The input –
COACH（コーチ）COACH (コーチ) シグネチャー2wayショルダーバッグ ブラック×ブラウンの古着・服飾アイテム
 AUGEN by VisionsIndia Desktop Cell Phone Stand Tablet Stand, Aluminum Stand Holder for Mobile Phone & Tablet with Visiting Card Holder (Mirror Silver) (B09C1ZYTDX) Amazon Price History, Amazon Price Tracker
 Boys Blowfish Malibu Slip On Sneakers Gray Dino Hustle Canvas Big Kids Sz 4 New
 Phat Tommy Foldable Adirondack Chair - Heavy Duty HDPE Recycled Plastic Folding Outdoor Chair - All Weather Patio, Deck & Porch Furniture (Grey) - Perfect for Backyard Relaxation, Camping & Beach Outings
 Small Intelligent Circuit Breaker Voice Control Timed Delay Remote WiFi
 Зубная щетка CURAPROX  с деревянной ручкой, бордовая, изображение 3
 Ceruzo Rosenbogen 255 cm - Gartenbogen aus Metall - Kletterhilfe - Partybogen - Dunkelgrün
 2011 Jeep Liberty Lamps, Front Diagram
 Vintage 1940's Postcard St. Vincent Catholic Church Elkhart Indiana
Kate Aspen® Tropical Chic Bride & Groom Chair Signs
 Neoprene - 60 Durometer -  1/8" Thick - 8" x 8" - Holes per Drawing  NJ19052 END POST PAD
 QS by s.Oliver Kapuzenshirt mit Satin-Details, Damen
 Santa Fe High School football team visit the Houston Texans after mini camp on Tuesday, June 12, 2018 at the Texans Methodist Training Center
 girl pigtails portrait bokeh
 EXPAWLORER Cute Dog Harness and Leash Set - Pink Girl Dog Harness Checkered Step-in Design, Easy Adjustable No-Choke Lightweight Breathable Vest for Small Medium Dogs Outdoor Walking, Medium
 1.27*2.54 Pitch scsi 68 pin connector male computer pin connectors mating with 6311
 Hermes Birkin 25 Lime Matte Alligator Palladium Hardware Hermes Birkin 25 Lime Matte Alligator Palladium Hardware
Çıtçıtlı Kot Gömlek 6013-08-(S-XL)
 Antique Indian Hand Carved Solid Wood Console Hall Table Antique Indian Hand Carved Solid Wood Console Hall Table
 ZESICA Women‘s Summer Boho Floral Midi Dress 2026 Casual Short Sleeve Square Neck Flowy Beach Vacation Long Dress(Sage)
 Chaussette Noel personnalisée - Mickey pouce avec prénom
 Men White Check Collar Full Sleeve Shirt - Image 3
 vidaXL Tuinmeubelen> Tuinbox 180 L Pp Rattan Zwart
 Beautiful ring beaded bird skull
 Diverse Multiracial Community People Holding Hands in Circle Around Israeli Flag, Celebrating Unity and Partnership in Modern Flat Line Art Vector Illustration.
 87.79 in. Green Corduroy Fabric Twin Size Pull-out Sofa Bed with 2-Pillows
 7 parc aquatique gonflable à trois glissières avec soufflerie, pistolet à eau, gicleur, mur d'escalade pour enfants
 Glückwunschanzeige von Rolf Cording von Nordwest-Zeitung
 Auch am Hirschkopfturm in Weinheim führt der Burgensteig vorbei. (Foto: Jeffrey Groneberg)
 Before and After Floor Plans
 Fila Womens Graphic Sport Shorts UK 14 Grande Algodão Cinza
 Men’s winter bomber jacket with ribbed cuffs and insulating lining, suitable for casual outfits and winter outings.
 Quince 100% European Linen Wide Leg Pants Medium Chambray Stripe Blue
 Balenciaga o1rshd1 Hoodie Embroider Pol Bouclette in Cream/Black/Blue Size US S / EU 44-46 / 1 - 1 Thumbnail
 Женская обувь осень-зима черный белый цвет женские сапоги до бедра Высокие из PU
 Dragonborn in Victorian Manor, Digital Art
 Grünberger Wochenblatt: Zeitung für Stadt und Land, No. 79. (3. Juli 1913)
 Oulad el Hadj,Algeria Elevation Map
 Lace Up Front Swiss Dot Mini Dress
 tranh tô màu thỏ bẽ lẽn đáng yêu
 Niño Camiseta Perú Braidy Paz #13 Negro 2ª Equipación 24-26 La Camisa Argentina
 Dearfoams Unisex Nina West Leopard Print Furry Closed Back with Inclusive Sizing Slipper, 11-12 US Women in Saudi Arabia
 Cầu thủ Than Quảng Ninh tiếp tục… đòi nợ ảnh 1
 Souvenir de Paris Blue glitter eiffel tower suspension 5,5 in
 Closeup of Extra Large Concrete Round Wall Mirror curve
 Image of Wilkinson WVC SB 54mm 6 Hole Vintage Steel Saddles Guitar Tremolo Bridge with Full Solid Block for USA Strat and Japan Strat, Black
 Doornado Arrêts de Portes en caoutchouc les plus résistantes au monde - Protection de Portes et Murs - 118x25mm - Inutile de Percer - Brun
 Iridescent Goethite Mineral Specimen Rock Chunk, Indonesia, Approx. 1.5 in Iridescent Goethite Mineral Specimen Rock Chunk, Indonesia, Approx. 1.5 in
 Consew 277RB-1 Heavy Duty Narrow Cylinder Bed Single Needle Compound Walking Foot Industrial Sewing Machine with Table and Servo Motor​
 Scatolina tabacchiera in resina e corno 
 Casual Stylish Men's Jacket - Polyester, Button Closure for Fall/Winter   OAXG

Work task –
Every line from the one containing "Consew 277RB-1 Heavy" to the final line of the listing above should be set down exactly, with nothing added.

Output for this exercise –
 Consew 277RB-1 Heavy Duty Narrow Cylinder Bed Single Needle Compound Walking Foot Industrial Sewing Machine with Table and Servo Motor​
 Scatolina tabacchiera in resina e corno 
 Casual Stylish Men's Jacket - Polyester, Button Closure for Fall/Winter   OAXG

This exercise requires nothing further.